■ DATASET SECTION:
--- START ---

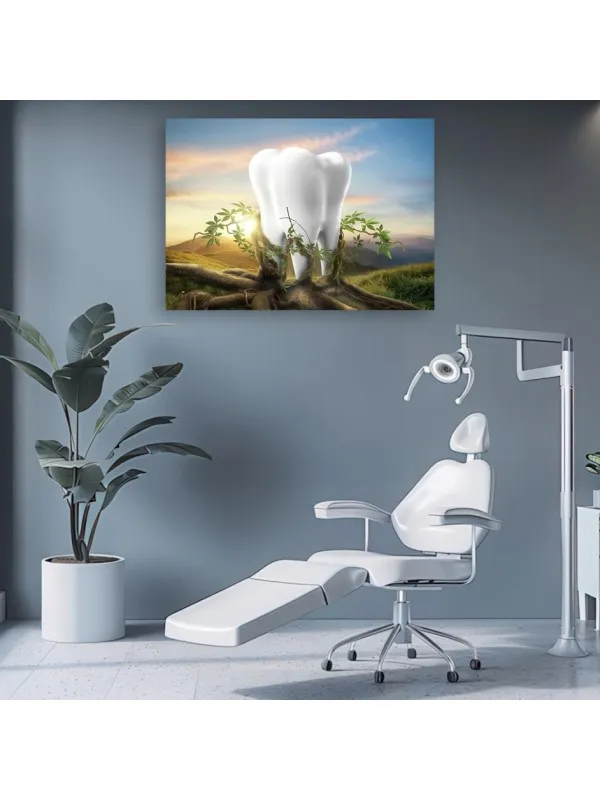 Tablou canvas Dintele în grădina de apus – pentru cabinet stomatologic — imaginea 4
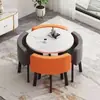 Loja de móveis simples com conjunto de mesa e cadeira para vitrine, mesa redonda pequena, escritório, sala de descanso, reunião, recepção, mesa e cadeira de lazer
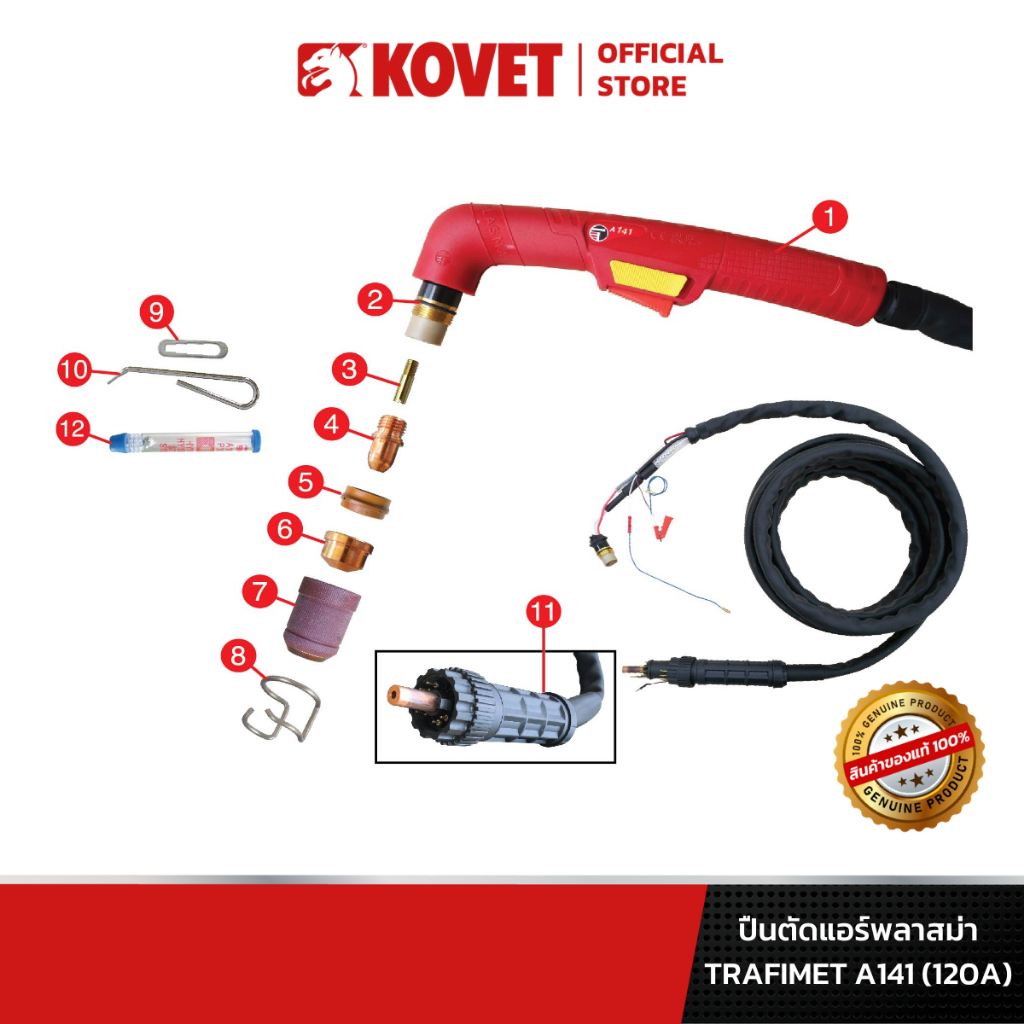KOVET อะไหล่ปืนตัดแอร์พลาสม่า TRAFIMET A141 (120A) AIR PLASMA CUTTING TORCH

--- END ---

■ AIM OF THE EXERCISE:
Skip every picture and retype only the lines from the line with "Loja de móveis" through the last line of the listing, both ends included, exactly as they appear.

■ ANSWER SPACE:
 Loja de móveis simples com conjunto de mesa e cadeira para vitrine, mesa redonda pequena, escritório, sala de descanso, reunião, recepção, mesa e cadeira de lazer
KOVET อะไหล่ปืนตัดแอร์พลาสม่า TRAFIMET A141 (120A) AIR PLASMA CUTTING TORCH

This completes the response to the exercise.